═══ Data ═══
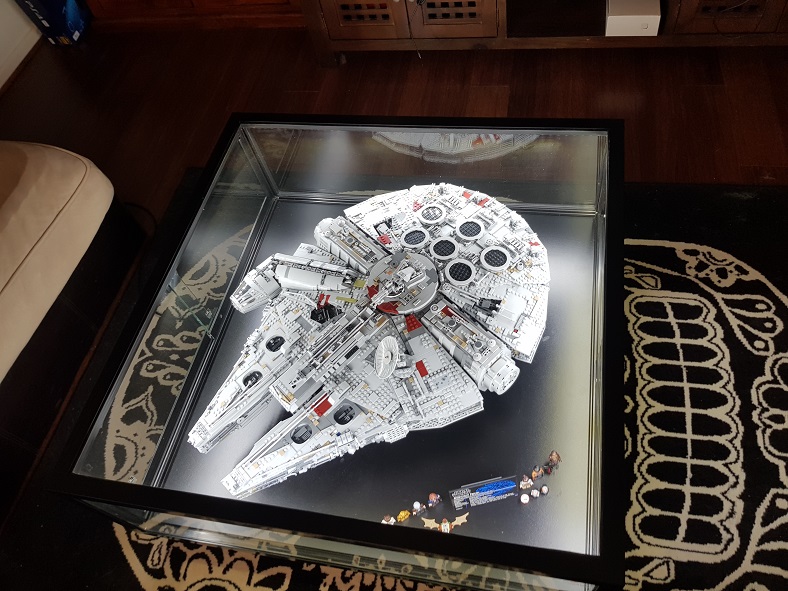 Why not custom your own Star Wars memorabilia coffee table display case with Showfront?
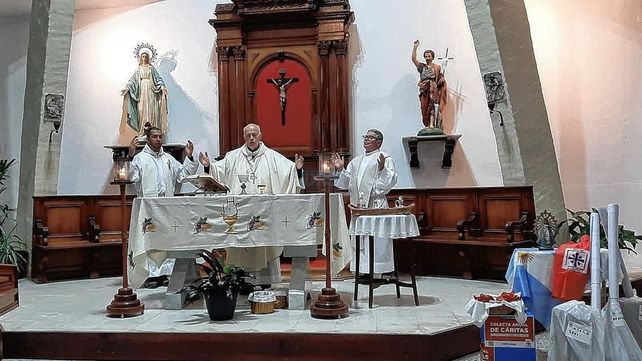 Lanzamiento. Con una misa que se replicó en todo el país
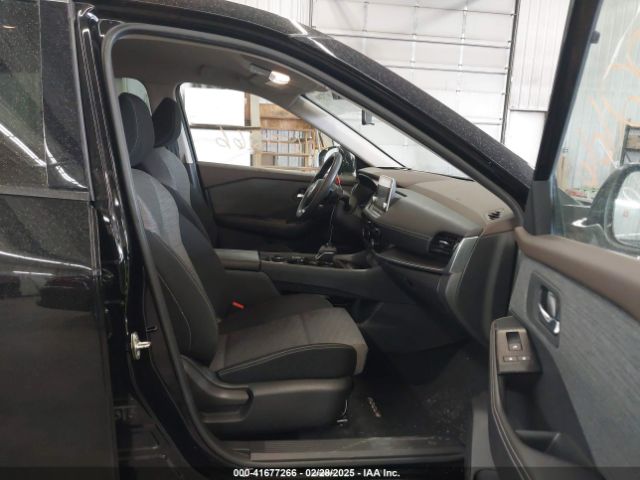 JN8AT3BBXMW205280 Nissan Rogue Sv Intelligent Awd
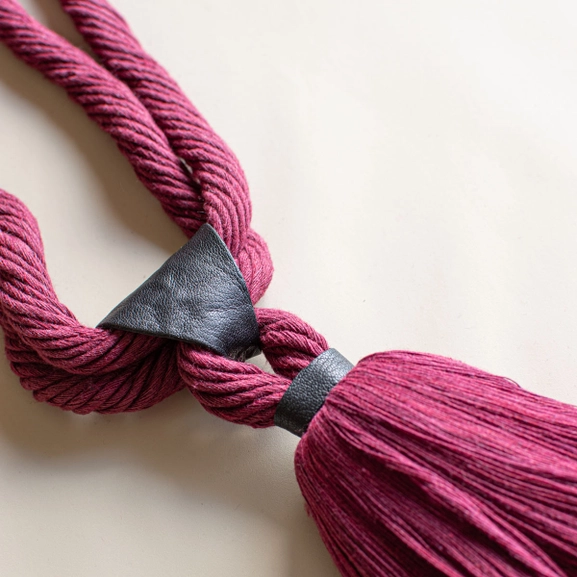 Vinröd gardintofs med läderdetalj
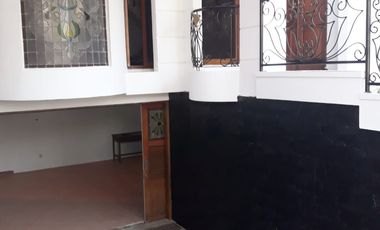 Rumah Hitung Tanah di Gedung Hijau Pondok Indah, 150 m ke Jalan Raya Utama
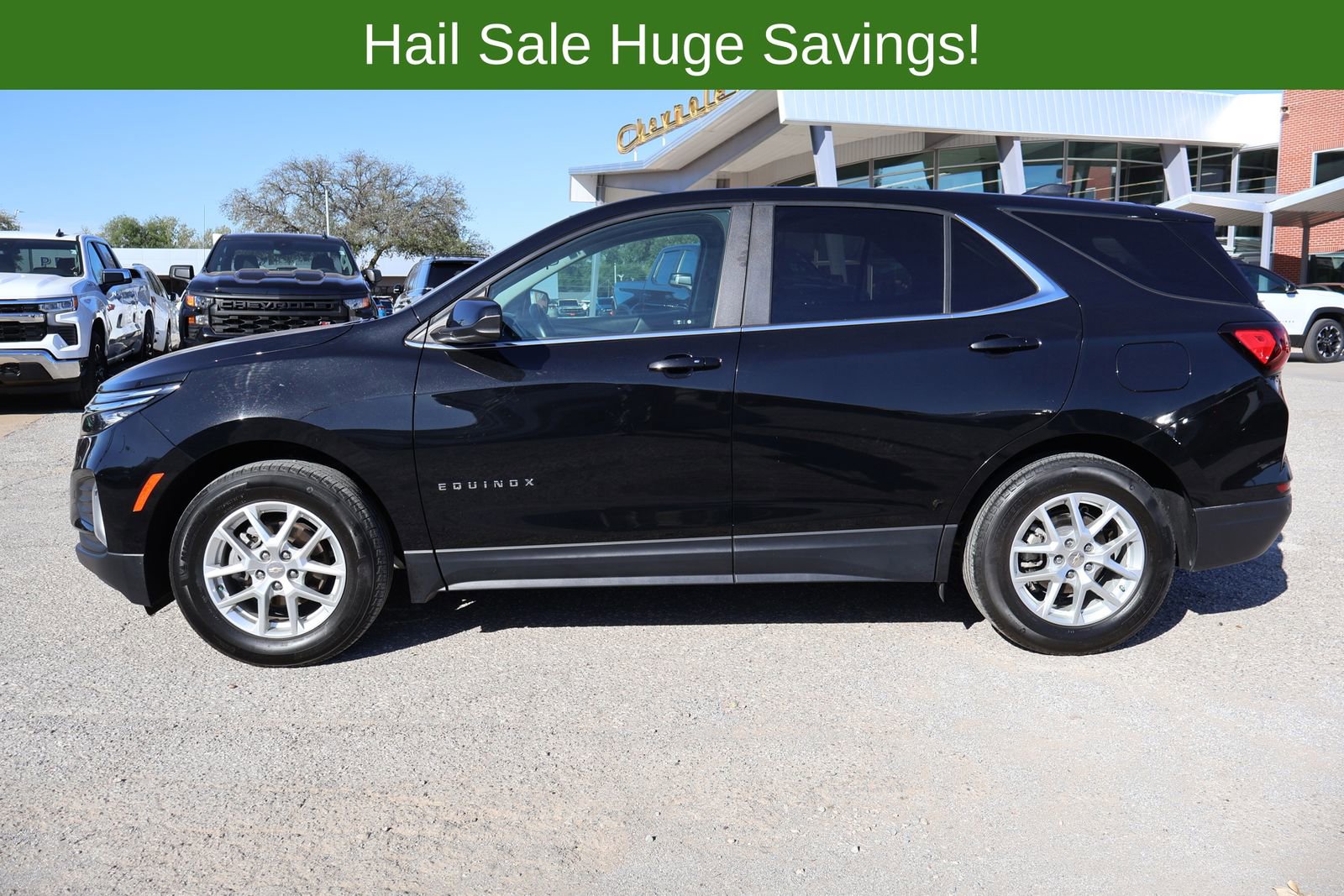 Used 2023 Chevrolet Equinox LT FWD image 2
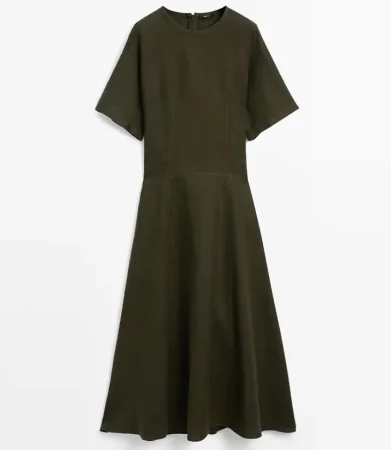 2. Vestido de lino en color verde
═══
What is required ▸ Output the entries above exactly. Do not include the pictures.

Result of the task ▸
 Why not custom your own Star Wars memorabilia coffee table display case with Showfront?
 Lanzamiento. Con una misa que se replicó en todo el país
 JN8AT3BBXMW205280 Nissan Rogue Sv Intelligent Awd
 Vinröd gardintofs med läderdetalj
 Rumah Hitung Tanah di Gedung Hijau Pondok Indah, 150 m ke Jalan Raya Utama
 Used 2023 Chevrolet Equinox LT FWD image 2
 2. Vestido de lino en color verde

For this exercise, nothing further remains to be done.